WikiLeaks' lawyers often work pro bono, and in some cases legal aid has been donated by media organisations such as the Associated Press, the Los Angeles Times, and the National Newspaper Publishers Association. WikiLeaks' only revenue consists of donations, but it has considered other options including auctioning early access to documents. During September 2011, WikiLeaks began auctioning items on eBay to raise funds, and Assange told an audience at Sydney's Festival of Dangerous Ideas that the organisation might not be able to survive

Authenticity

Columnist Eric Zorn wrote in 2016 that "it's possible, even likely, that every stolen email WikiLeaks has posted has been authentic." (Writer Glenn Greenwald goes further, asserting that WikiLeaks has a "perfect, long-standing record of only publishing authentic documents.") However, cybersecurity experts agree that it is trivially easy for a person to fabricate an email or alter it, as by changing headers and metadata. Some of the more recent releases, such as many of the emails contained in the Podesta emails, contain DKIM headers. This allows them to be verified as genuine to some degree of certainty.

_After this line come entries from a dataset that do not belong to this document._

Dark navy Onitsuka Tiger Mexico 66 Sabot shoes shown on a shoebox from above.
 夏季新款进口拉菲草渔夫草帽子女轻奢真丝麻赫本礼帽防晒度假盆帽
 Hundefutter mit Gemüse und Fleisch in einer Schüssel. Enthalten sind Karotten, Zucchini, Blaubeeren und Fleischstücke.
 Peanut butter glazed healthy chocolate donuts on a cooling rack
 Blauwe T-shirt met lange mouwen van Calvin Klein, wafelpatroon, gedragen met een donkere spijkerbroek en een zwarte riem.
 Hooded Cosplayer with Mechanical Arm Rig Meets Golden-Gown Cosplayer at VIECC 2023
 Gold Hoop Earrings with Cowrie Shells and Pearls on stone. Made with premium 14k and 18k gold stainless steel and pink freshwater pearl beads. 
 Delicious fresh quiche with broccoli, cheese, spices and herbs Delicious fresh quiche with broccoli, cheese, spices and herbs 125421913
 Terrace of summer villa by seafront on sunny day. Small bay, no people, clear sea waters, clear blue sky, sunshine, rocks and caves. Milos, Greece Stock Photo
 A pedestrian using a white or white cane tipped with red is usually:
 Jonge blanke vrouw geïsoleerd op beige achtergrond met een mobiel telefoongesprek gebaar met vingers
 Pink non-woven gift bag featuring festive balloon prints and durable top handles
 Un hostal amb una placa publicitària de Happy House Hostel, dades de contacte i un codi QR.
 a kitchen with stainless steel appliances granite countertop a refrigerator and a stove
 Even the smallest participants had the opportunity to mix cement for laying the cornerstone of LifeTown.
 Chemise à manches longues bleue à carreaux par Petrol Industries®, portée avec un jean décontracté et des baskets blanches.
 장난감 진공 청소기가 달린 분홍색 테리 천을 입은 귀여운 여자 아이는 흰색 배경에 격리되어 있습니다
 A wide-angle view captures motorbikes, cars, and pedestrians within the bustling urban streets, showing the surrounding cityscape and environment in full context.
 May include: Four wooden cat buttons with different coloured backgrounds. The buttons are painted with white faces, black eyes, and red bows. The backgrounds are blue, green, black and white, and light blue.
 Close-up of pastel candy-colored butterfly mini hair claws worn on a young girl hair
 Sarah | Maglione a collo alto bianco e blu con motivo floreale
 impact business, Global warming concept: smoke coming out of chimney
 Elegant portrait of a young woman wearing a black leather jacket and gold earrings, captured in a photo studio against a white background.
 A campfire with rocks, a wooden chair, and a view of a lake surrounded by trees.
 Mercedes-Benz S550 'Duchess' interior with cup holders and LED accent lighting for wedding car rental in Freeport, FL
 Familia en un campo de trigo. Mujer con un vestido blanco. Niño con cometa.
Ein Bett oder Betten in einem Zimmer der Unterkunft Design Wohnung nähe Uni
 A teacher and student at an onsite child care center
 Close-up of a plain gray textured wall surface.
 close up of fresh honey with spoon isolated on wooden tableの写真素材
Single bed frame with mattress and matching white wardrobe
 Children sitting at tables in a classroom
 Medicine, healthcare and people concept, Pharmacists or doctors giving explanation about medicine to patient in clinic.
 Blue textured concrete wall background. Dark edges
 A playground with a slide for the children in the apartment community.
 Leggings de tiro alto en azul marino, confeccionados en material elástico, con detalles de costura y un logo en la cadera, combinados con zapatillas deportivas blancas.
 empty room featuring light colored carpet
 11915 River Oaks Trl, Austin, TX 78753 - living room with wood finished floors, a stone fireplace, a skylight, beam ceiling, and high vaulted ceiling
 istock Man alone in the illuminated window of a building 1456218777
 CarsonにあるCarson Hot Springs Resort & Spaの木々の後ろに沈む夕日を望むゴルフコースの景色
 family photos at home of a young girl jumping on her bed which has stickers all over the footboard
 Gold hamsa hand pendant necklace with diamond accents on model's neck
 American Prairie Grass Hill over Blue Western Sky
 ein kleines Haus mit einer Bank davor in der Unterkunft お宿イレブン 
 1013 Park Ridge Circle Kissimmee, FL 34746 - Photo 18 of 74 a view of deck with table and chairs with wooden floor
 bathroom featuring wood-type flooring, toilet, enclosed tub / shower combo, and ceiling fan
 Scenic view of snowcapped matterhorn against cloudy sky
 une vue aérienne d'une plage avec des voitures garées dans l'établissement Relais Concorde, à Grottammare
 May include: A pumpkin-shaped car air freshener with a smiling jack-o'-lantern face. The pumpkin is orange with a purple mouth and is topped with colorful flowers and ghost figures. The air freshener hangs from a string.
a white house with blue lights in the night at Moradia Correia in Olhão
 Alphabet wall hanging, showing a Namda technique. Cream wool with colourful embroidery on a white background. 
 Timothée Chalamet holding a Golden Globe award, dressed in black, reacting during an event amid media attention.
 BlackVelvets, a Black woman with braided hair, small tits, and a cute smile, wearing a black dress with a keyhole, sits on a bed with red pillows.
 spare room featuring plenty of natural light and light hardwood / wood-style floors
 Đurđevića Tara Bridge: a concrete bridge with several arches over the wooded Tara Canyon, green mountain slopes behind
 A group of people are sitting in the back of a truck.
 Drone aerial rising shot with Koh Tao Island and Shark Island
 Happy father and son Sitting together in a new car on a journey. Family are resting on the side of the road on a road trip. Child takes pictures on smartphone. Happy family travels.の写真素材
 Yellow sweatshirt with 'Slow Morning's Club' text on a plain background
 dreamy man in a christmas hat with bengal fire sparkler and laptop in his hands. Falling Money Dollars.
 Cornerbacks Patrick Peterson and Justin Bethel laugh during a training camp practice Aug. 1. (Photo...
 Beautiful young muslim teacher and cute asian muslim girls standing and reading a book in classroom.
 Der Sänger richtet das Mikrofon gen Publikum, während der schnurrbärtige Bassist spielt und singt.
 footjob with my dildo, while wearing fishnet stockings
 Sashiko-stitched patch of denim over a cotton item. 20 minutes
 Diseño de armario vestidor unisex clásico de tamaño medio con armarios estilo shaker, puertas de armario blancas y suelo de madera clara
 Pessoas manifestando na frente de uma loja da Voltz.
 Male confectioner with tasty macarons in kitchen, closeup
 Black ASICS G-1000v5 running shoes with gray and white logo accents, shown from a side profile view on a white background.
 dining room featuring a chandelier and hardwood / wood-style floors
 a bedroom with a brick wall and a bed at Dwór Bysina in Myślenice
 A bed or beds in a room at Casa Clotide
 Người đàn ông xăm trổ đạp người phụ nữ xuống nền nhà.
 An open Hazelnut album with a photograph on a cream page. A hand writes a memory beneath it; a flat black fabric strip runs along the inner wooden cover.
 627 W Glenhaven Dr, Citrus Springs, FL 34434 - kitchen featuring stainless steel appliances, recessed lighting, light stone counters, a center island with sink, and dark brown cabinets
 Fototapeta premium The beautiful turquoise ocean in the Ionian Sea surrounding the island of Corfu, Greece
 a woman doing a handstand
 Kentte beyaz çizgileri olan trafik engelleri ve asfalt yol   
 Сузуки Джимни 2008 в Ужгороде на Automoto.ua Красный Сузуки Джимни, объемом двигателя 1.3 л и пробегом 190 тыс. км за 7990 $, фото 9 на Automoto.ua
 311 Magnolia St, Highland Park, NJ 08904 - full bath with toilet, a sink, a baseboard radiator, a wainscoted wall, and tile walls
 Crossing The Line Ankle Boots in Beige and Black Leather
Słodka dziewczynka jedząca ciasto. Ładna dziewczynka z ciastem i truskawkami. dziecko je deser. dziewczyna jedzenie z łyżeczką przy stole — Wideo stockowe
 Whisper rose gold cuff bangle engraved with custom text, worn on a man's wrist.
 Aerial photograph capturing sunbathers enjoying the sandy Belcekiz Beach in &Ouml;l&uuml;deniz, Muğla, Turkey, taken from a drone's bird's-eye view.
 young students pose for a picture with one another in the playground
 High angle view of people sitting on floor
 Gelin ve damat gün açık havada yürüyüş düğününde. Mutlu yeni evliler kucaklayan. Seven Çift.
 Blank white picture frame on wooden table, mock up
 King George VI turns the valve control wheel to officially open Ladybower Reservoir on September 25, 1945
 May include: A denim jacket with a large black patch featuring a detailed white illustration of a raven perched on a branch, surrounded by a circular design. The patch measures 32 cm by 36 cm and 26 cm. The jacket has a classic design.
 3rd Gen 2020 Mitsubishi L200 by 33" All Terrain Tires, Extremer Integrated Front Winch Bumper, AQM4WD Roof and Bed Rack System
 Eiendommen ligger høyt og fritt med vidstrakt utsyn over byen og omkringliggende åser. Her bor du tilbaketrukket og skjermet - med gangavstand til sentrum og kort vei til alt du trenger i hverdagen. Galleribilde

In July 2016, the Aspen Institute's Homeland Security Group, a bipartisan counterterrorism organization, warned that hackers who stole authentic data might "salt the files they release with plausible forgeries." Russian intelligence agencies have frequently used disinformation tactics, "which means carefully faked emails might be included in the WikiLeaks dumps. After all, the best way to make false information believable is to mix it in with true information."

Other Activities

In 2013, the organisation assisted Edward Snowden (who is responsible for the 2013 mass surveillance disclosures) in leaving Hong Kong. Sarah Harrison, a WikiLeaks activist, accompanied Snowden on the flight. Scott Shane of The New York Times stated that the WikiLeaks involvement "shows that despite its shoestring staff, limited fund-raising from a boycott by major financial firms, and defections prompted by Mr. Assange's personal troubles and abrasive style, it remains a force to be reckoned with on the global stage."

Controversially, WikiLeaks announced a reward of an additional $20,000 for information leading to a conviction regarding the death of Seth Rich.  The death of Seth Rich is an item of fascination among right-wing conspiracy theorists who believe that Rich was murdered by the DNC; there are reports that the Wikileaks reward is an attempt to fuel this conspiracy theory.